# [About this exercise]
An exact copy of the lines from the top of the data through the line with "141 Lake Sherwood" is what you should give, with no pictures in it.

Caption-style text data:
● ● ● ● ● ● ●

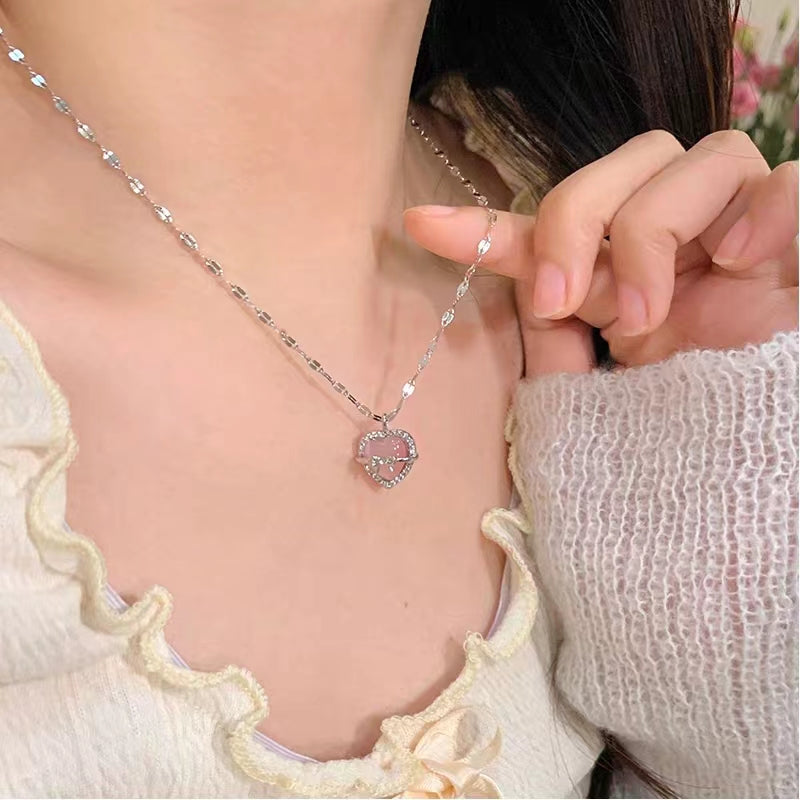Pink Love Pulling Double Layer Necklace for Women, Light Luxury, Small and Popular, Advanced Design and Accessories, Popular on the Internet, Summer Edition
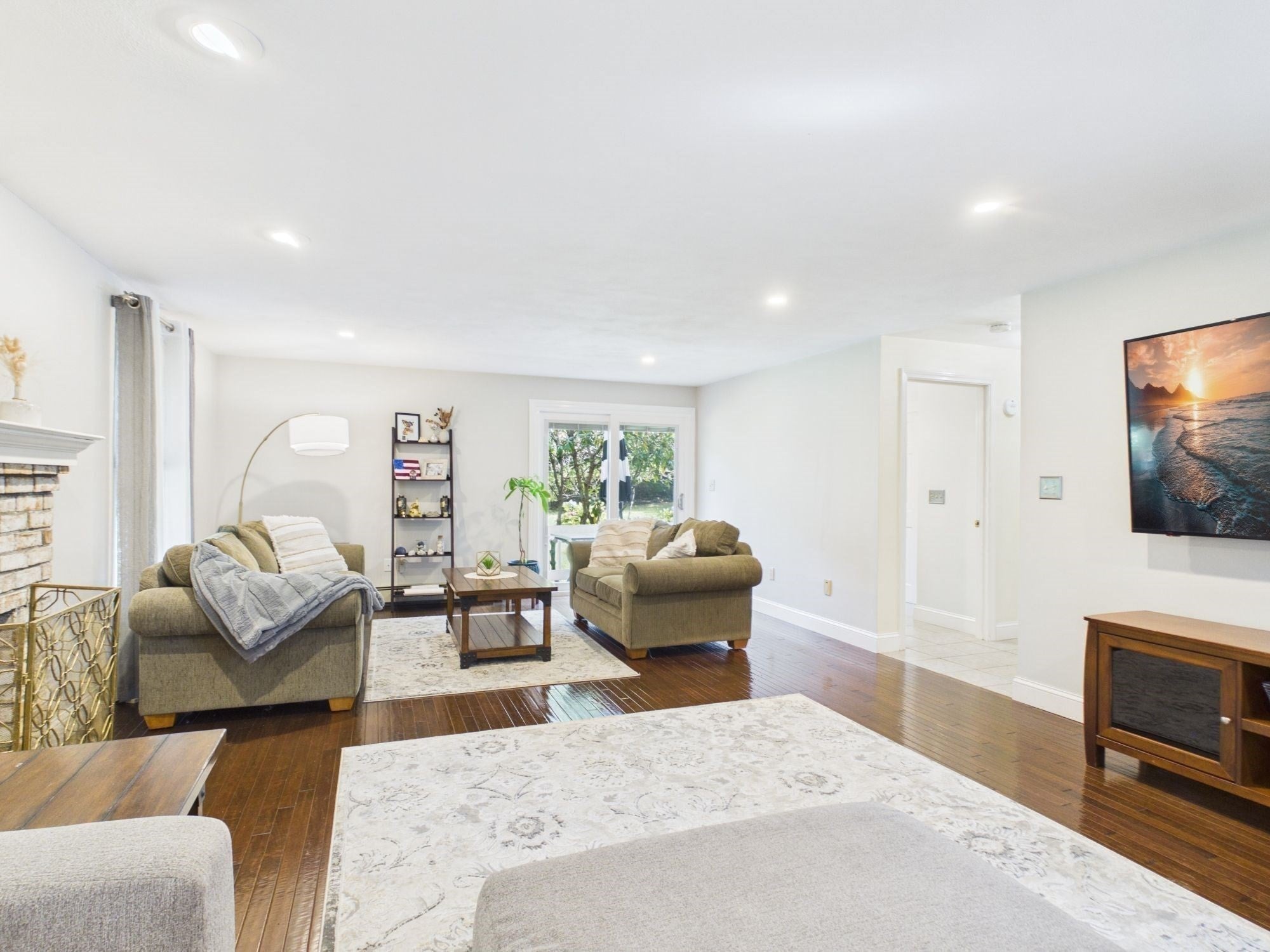 172 Landry Ave, North Attleboro, MA, 172 Landry Ave, North Attleboro, MA Photo #5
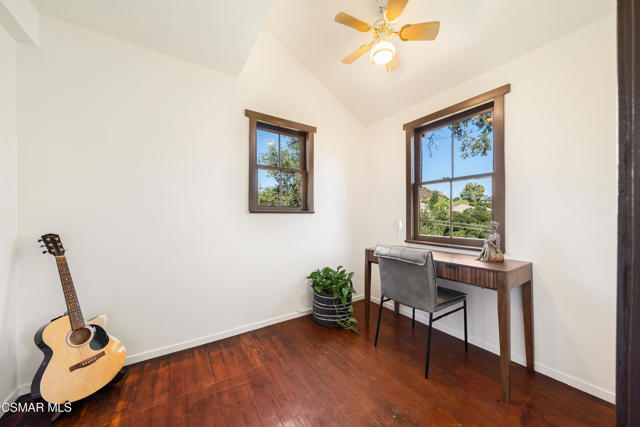 141 Lake Sherwood Drive, Lake Sherwood CA: https://media.crmls.org/mediaz/b7f07143-cd44-4c87-8af1-4fe7f0dd4cca.jpg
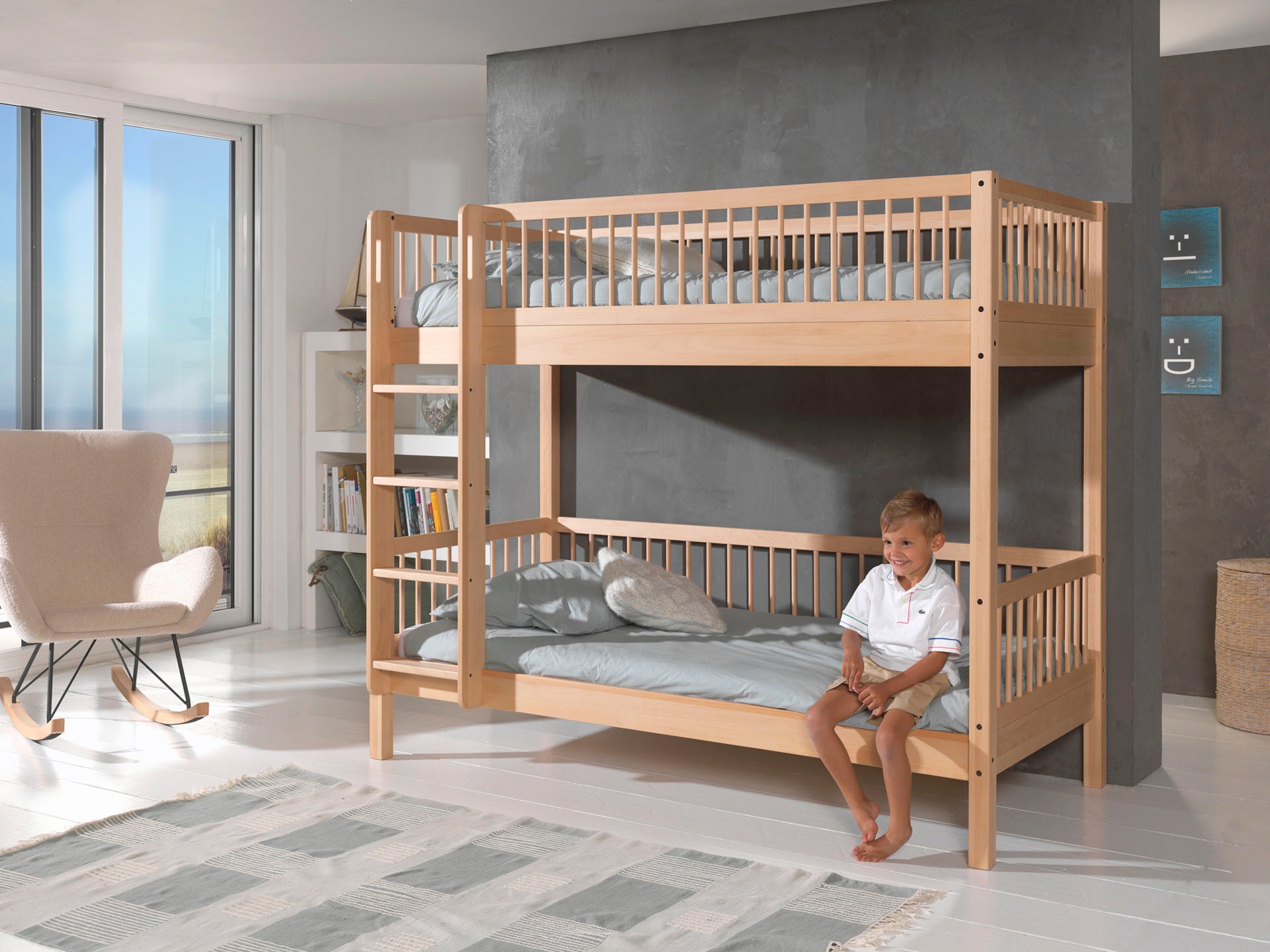 Vipack Etagenbett »Forrest in Buche massiv natur lackiert, umlaufende Sprossen-Optik« 2 Liegeflächen 90/200 cm, Pfostenstärke 55x55 mm, stabil gebaut,  inkl. Rolllattenroste, ideale Raumnutzung im Kinderzimmer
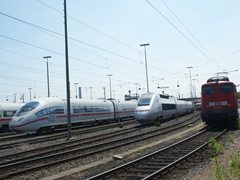 Auch REs dürfen dort auf den nächsten Einsatz warten. Hier eine gepflegte E110 441-3 mit N-Wagen im Schlepp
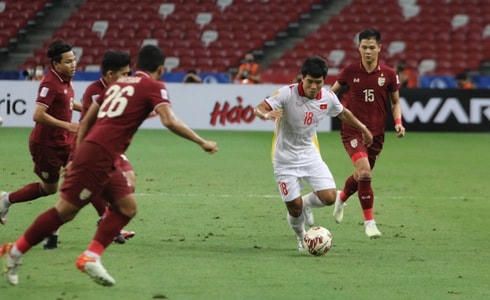 Đức Chinh trong lần đá chính đã thể hiện một nguồn năng lượng dồi dào khiến hàng thủ Thái Lan luôn gặp lúng túng.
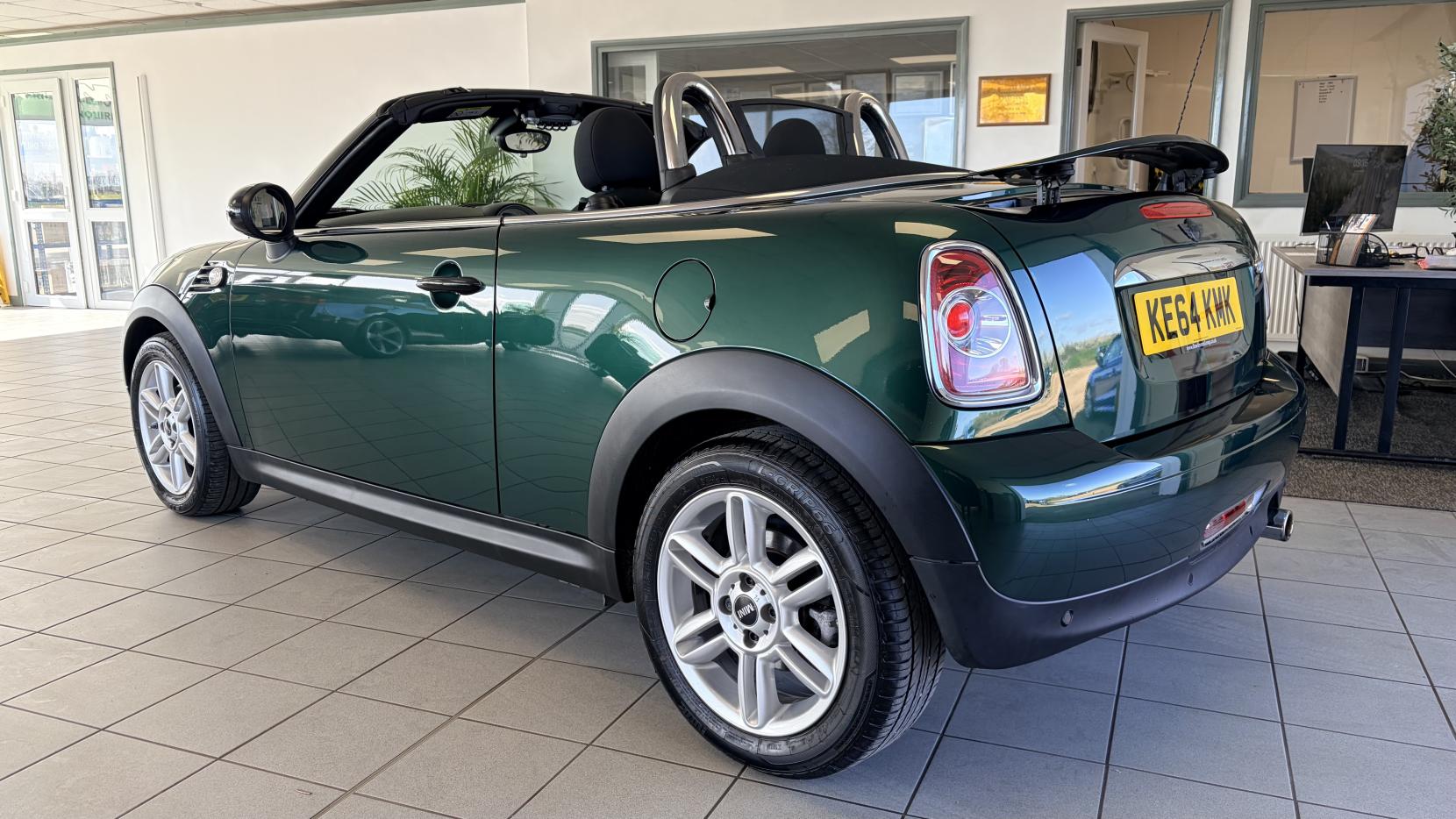 MINI Roadster 1.6 Cooper Convertible 2dr Petrol Manual Euro 6 (s/s) (122 ps)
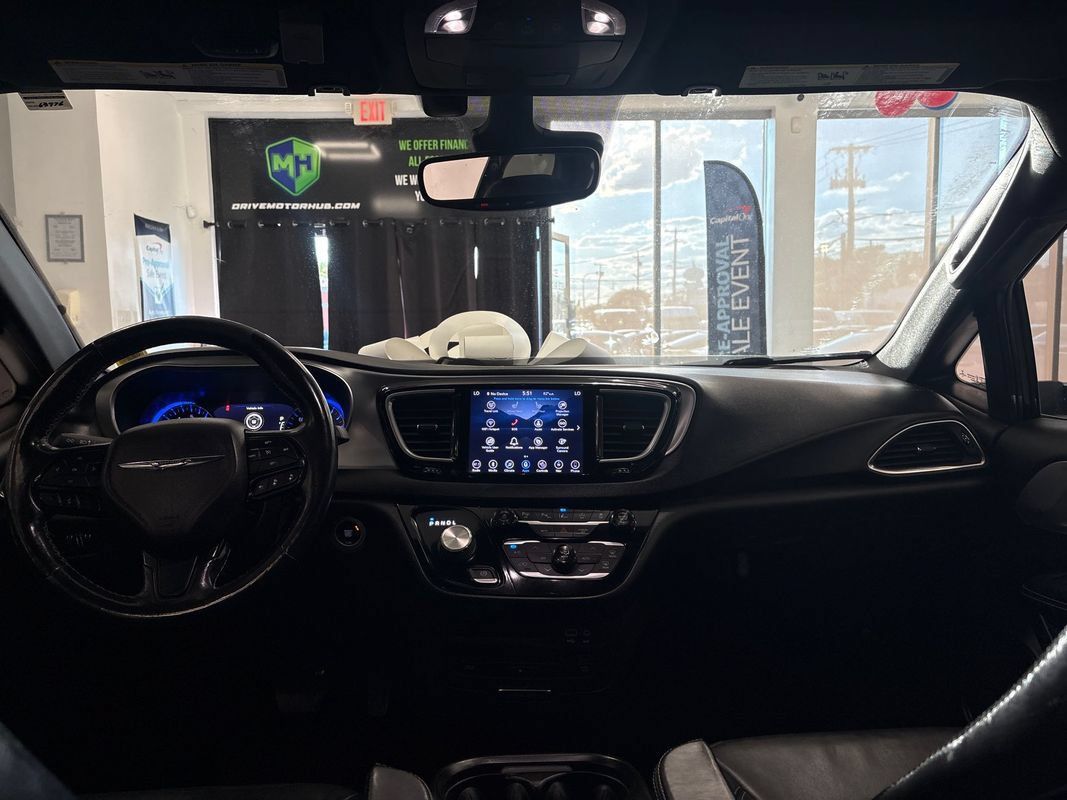 Used 2019 Chrysler Pacifica Touring-L Plus w/ Advanced Safetytec Group FWD image 21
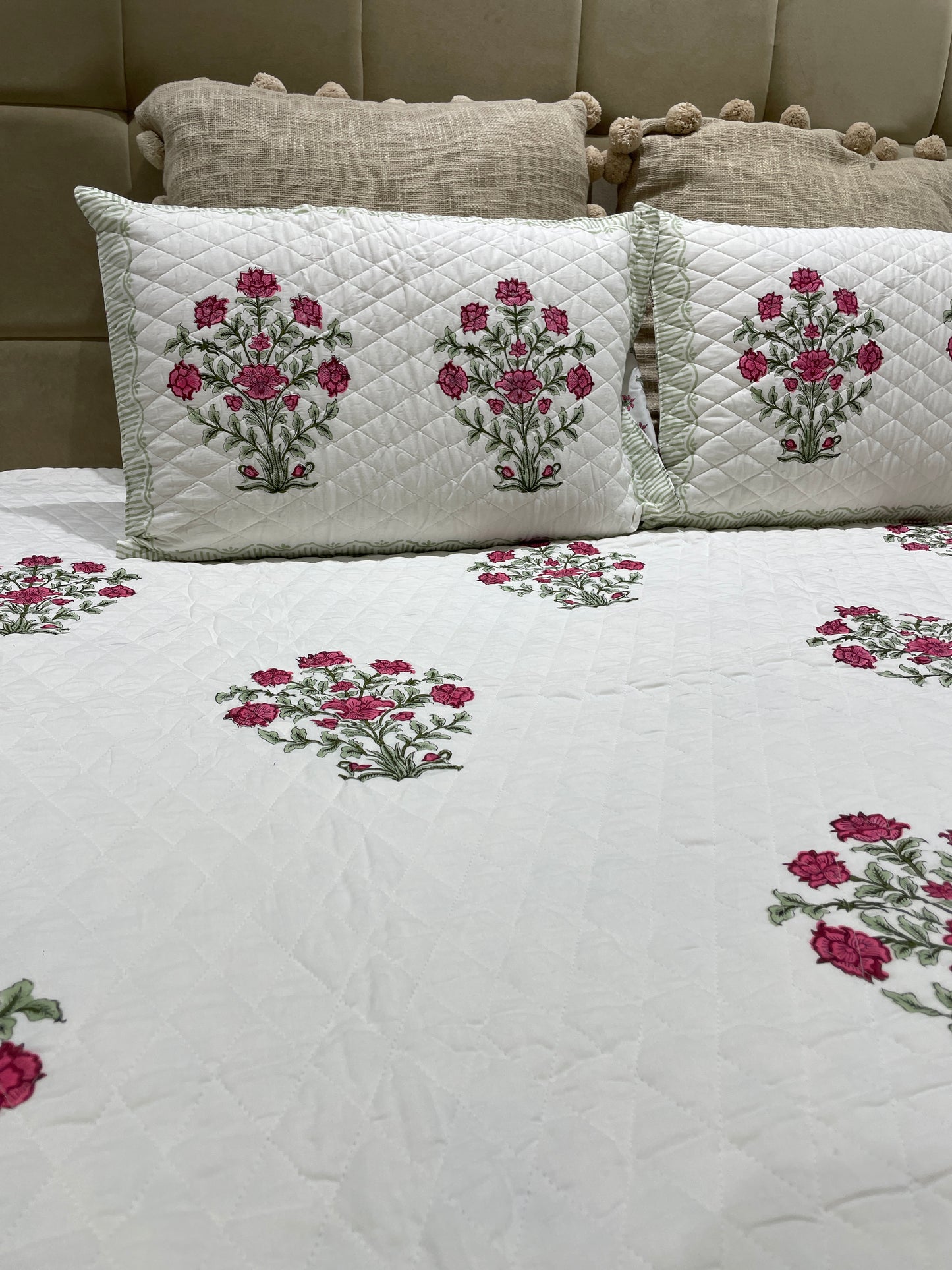 Rehana Comforter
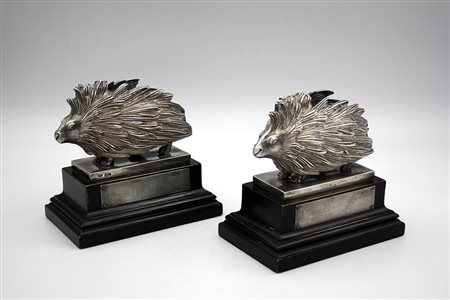 Coppia di porta fiammiferi. - A pair of silver match holders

● ● ● ● ● ● ●

# [Exercise answer]
Pink Love Pulling Double Layer Necklace for Women, Light Luxury, Small and Popular, Advanced Design and Accessories, Popular on the Internet, Summer Edition
 172 Landry Ave, North Attleboro, MA, 172 Landry Ave, North Attleboro, MA Photo #5
 141 Lake Sherwood Drive, Lake Sherwood CA: https://media.crmls.org/mediaz/b7f07143-cd44-4c87-8af1-4fe7f0dd4cca.jpg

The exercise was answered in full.